An exact transcription of all the records, free of pictures, is the expected answer.
---------- INPUT RECORDS
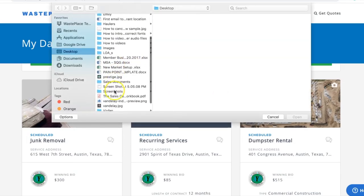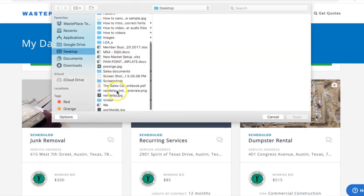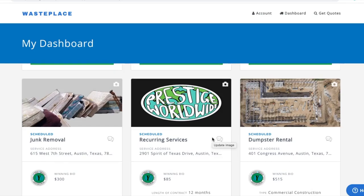Upload the image, and your new photo will appear in the job listing.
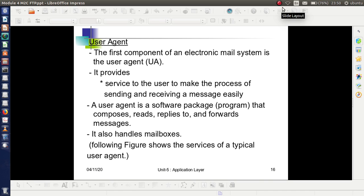The first component of an electronic mail system is the User Agent. In order to create or retrieve a message, we need a user agent. It provides service to the user to make the process of sending and receiving a message easy. It is actually a software package or program that can read, compose, forward, and handle mailboxes.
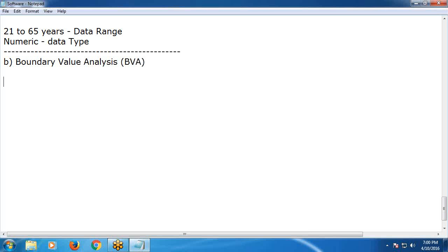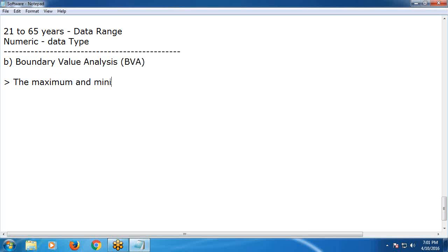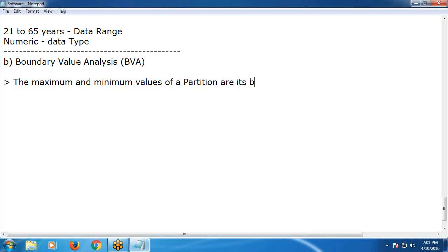It is an extension of equivalence partitions. Without equivalence partitions, we cannot use boundary value analysis. The maximum and minimum values of a partition are its boundary values.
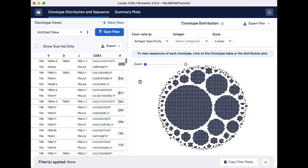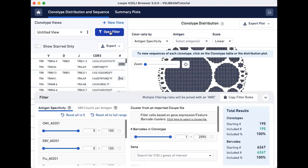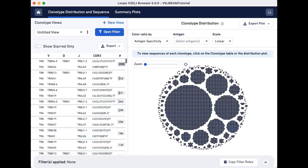Open the Filters window by clicking on the Open button at the top of the clonotypes view panel. Another way to get to this window is by clicking on the Filters panel at the bottom.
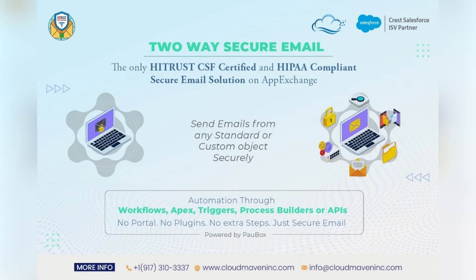If you share sensitive information with your customers over email, please stay with us for some time and see how you can send and receive fully encrypted emails in Salesforce from any Salesforce object.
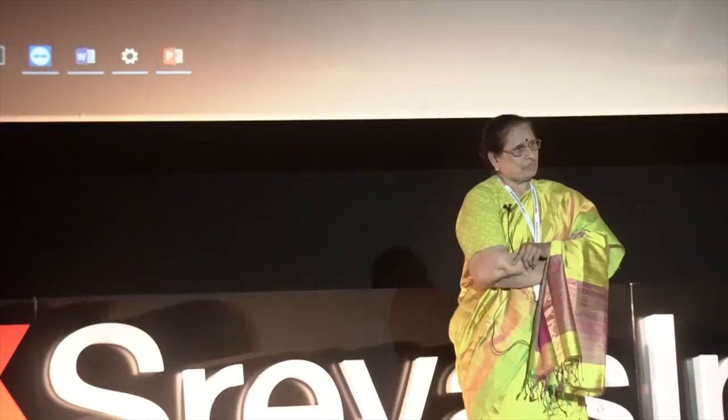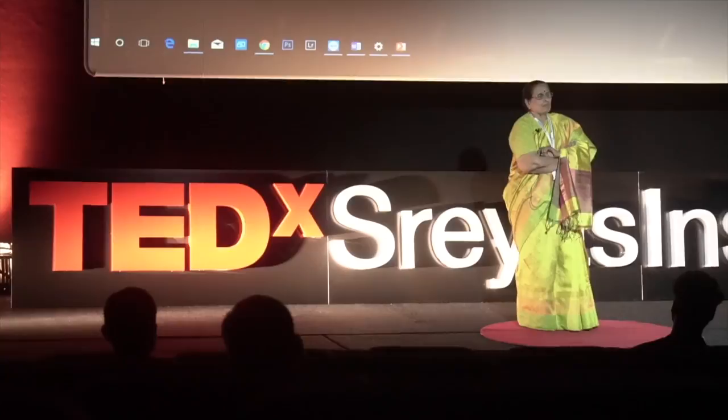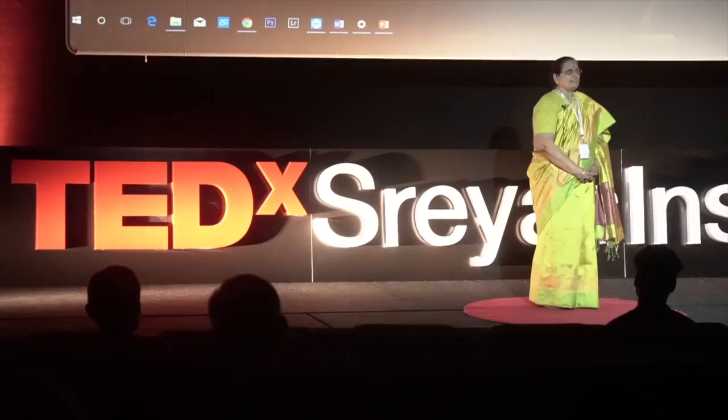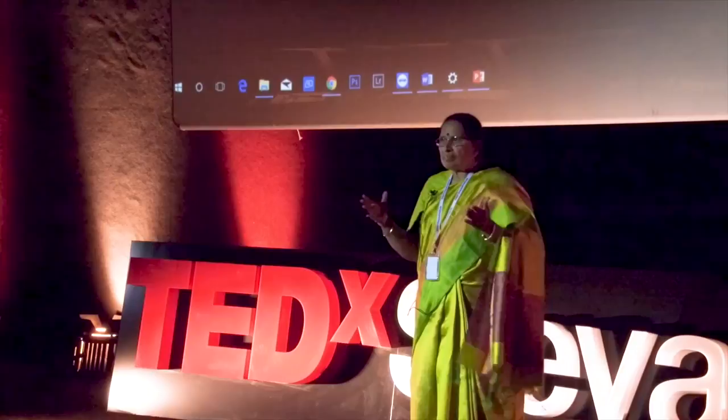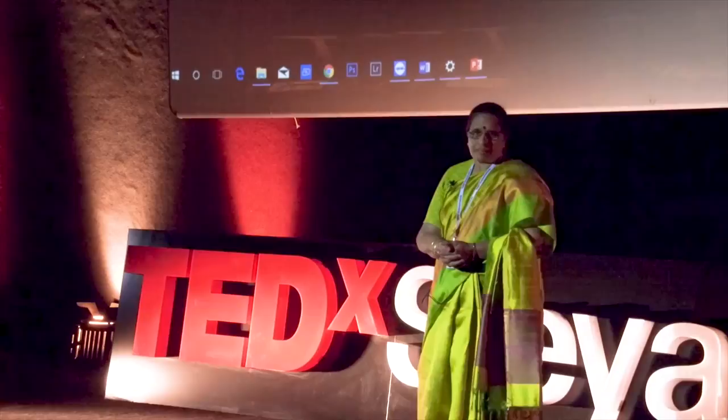Good afternoon everybody. The topic I have chosen to speak on is language policy for India. Why should we deal with language? Language is one feature that distinguishes man from the animal kingdom, and every generation adds to their own language repertoire. In India, there are about 720 languages and their dialects, with 22 fully developed languages having highly developed structures and rich literatures.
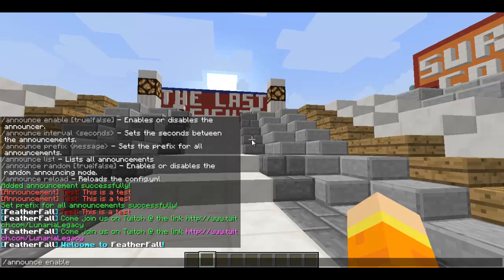The next command is '/announce enable'. You can set this to true or false — this determines whether or not the plugin is active. If you want to disable it, use 'false'; to enable it again, use 'true'.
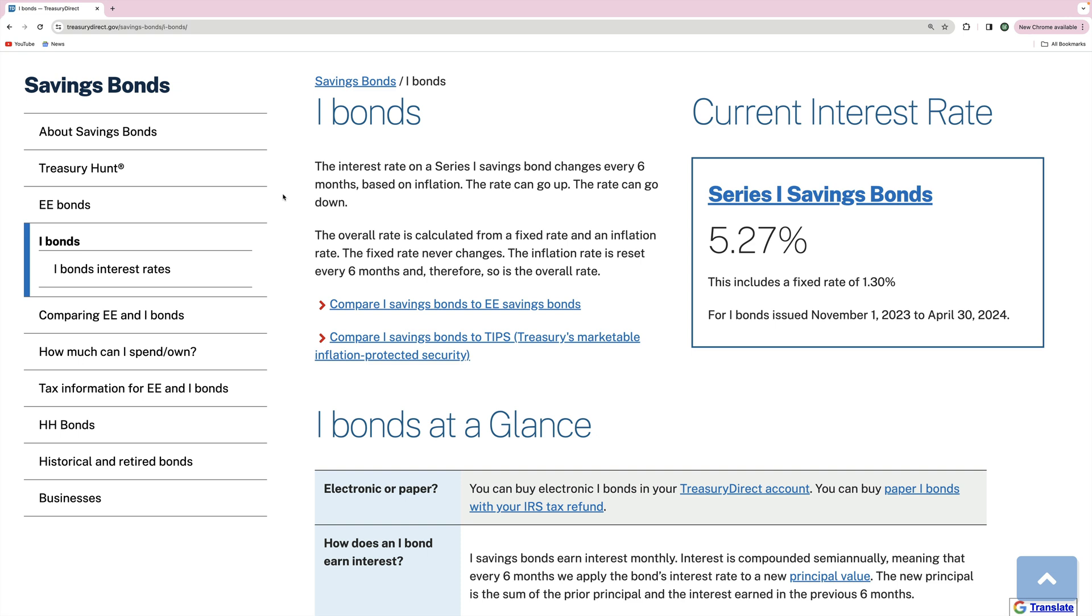Hey guys and welcome back to another video. In today's video I'm going to be showing you how exactly to redeem I-Bonds that have been bought on Treasury Direct.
--------------------
* **RESULT OF THE EXERCISE**
Upload the image, and your new photo will appear in the job listing.
The first component of an electronic mail system is the User Agent. In order to create or retrieve a message, we need a user agent. It provides service to the user to make the process of sending and receiving a message easy. It is actually a software package or program that can read, compose, forward, and handle mailboxes.
It is an extension of equivalence partitions. Without equivalence partitions, we cannot use boundary value analysis. The maximum and minimum values of a partition are its boundary values.
Open the Filters window by clicking on the Open button at the top of the clonotypes view panel. Another way to get to this window is by clicking on the Filters panel at the bottom.
If you share sensitive information with your customers over email, please stay with us for some time and see how you can send and receive fully encrypted emails in Salesforce from any Salesforce object.
Good afternoon everybody. The topic I have chosen to speak on is language policy for India. Why should we deal with language? Language is one feature that distinguishes man from the animal kingdom, and every generation adds to their own language repertoire. In India, there are about 720 languages and their dialects, with 22 fully developed languages having highly developed structures and rich literatures.
The next command is '/announce enable'. You can set this to true or false — this determines whether or not the plugin is active. If you want to disable it, use 'false'; to enable it again, use 'true'.
Hey guys and welcome back to another video. In today's video I'm going to be showing you how exactly to redeem I-Bonds that have been bought on Treasury Direct.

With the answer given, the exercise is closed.